Kaprun: War Tod von 155 Menschen Kismet?
Datum: 18.04.2007 14:00:29
Thema: Brandschutz, Sicherheit, Beinaheunfälle


Wien (OTS) - Staatsanwältin Dr. Eva Danninger-Soriat und Dr. Bernd R. Beier referierten über die Jahrhundertkatastrophe in Kaprun auf Grazer Brandschutz-Tagung. Nach den Referaten zogen viele der rund 270 Brandschutzexperten ihren eigenen Schluss: Die heimische Rechtslage mache einer Bananenrepublik alle Ehre!

"Heiße Eisen" wurden beim 8. Aprilsymposium 2007 des Brandschutzforums Austria, am 13. April im Hotel Novapark, in Graz, angepackt.

Besonders brisant waren die Ausführungen von Staatsanwältin Dr. Eva Danninger-Soriat aus Salzburg, die im Kaprun-Prozess die Staatsanwaltschaft vertreten hatte und erstmals vor breiter Öffentlichkeit das katastrophale Bergbahnunglück in Kaprun in allen Details beleuchtete.

Die Staatsanwältin legte zunächst auf pragmatische Weise eine umfassende Bestandsaufnahme der Ereignisse vor, um am Ende ihres Vortrags gesetzliche Schwachstellen des österreichischen Rechtssystems aufzuzeigen: Sie wünsche sich künftig ein auf Katastrophenfälle zugeschnittenes Ermittlungs- und Gerichtsverfahren. Weiters sollten Katastrophenereignisse solchen Ausmaßes in die Zuständigkeit eines Schöffengerichtes fallen. Zusätzlich müssten - ähnlich wie bei Jugendgerichtsverfahren, wo Pädagogen als Laienrichter bei gezogen werden - technisch versierte Sachverständige bei derartigen Katastrophen in das Verfahren integriert werden. Es sei bedauerlich, dass aus der Katastrophe bisher noch keine Konsequenzen gezogen worden seien.

Noch deutlicher wurde Dr.
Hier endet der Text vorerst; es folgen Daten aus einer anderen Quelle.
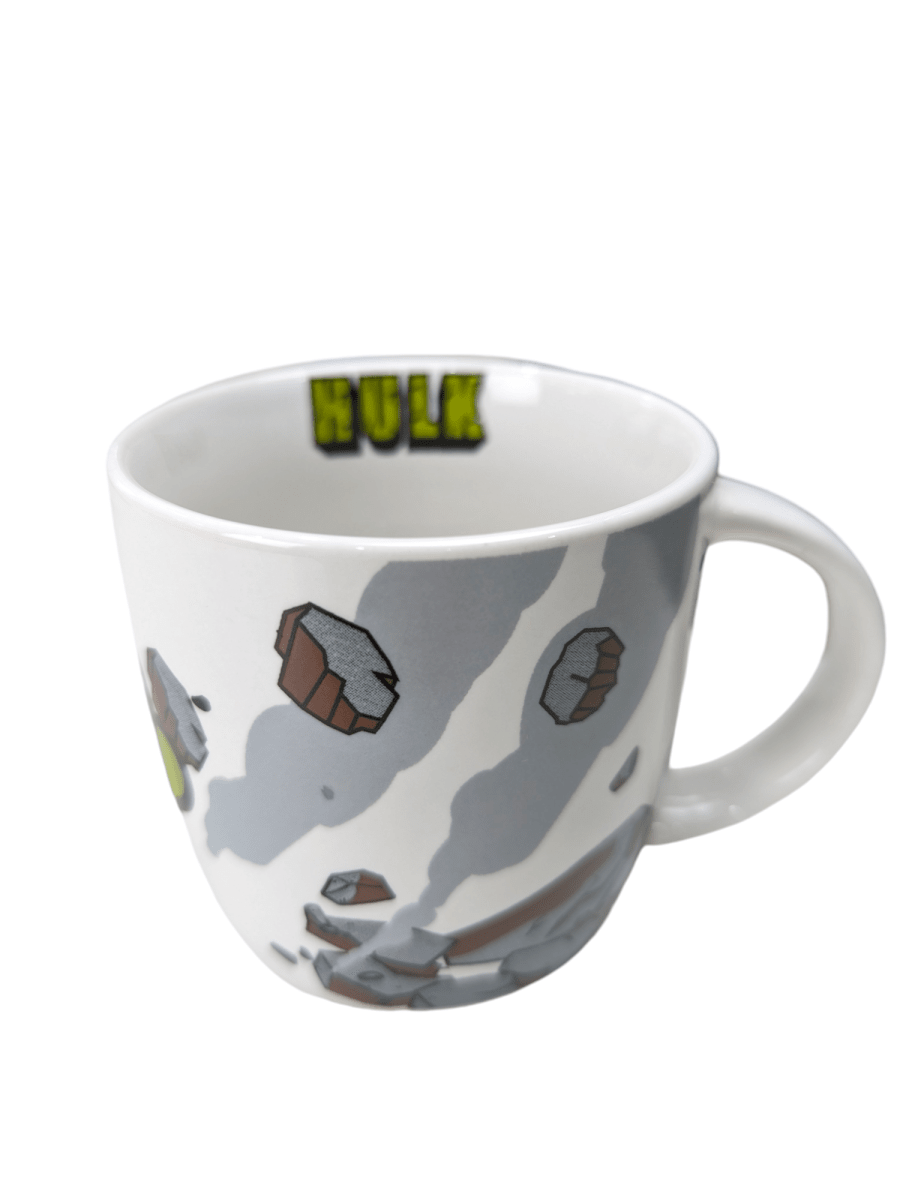 TAZON OVALADO COLECCION MARVEL HULK3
Bernd R. Beier, Jurist und Professor an den Fachhochschulen München und Kempten in Deutschland, der die Frage stellte, "kann ein solches katastrophales Ereignis locker als Kismet, wie dies die Politik und zahlreiche Medien festgestellt hatten, abgetan werden?", um anschließend festzustellen: "Es wurde in gröbst fahrlässiger Weise unterlassen, im Rahmen einer vorab durchzuführenden Risikobewertung Konsequenzen aus solchen Ereignissen zu bedenken und die Planung von -Gewähleistung mit einzubeziehen"!

Betrachte man im Detail die Ausführungen des Gerichtes, so vermisse er bei vielen Passagen das Einbeziehen des normalen "Sach- und Hausverstandes".

Beispiel "Fahrzeug": Die Aussage, dass das Fahrbetriebsmittel einer Standseilbahn kein (!!) Fahrzeug sei, bedürfe keiner weiteren Erläuterung.

Beispiel "Gefährdung Brand": Die Aussage des Gerichts, dass das Gefährdungsbild eines Brandes in einem Fahrbetriebsmittel auch international nicht bekannt gewesen sei, wäre seiner Meinung nach absolut falsch.

Beispiel "Heizlüfter": Völlig absurd sei die Argumentation des Gerichts, wenn das ausdrücklich ausgesprochene Verbot in der Gebrauchsanleitung, "darf nicht in Fahrzeuge eingebaut und dort betrieben werden", als "sicherheitstechnisch nicht relevant" eingestuft werde.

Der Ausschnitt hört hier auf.